▽

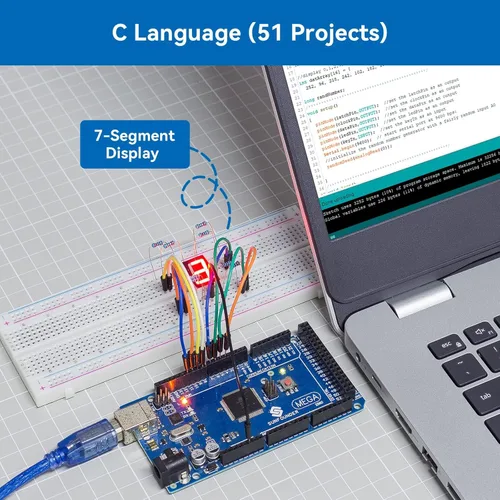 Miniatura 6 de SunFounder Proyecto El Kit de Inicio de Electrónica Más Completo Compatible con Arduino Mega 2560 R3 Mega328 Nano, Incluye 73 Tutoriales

△
▽

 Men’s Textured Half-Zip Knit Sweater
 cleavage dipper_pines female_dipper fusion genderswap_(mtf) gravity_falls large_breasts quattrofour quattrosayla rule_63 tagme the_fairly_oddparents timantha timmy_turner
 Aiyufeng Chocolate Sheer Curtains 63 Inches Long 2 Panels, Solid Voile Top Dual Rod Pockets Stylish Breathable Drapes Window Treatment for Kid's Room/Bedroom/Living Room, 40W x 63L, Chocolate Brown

△

▶ Action item
In the data above, which lines lie between the line with "Men’s Textured Half-Zip Knit Sweater" and the line with "Aiyufeng Chocolate Sheer", inclusive? Print those lines exactly and nothing else.

▶ Output below
 Men’s Textured Half-Zip Knit Sweater
 cleavage dipper_pines female_dipper fusion genderswap_(mtf) gravity_falls large_breasts quattrofour quattrosayla rule_63 tagme the_fairly_oddparents timantha timmy_turner
 Aiyufeng Chocolate Sheer Curtains 63 Inches Long 2 Panels, Solid Voile Top Dual Rod Pockets Stylish Breathable Drapes Window Treatment for Kid's Room/Bedroom/Living Room, 40W x 63L, Chocolate Brown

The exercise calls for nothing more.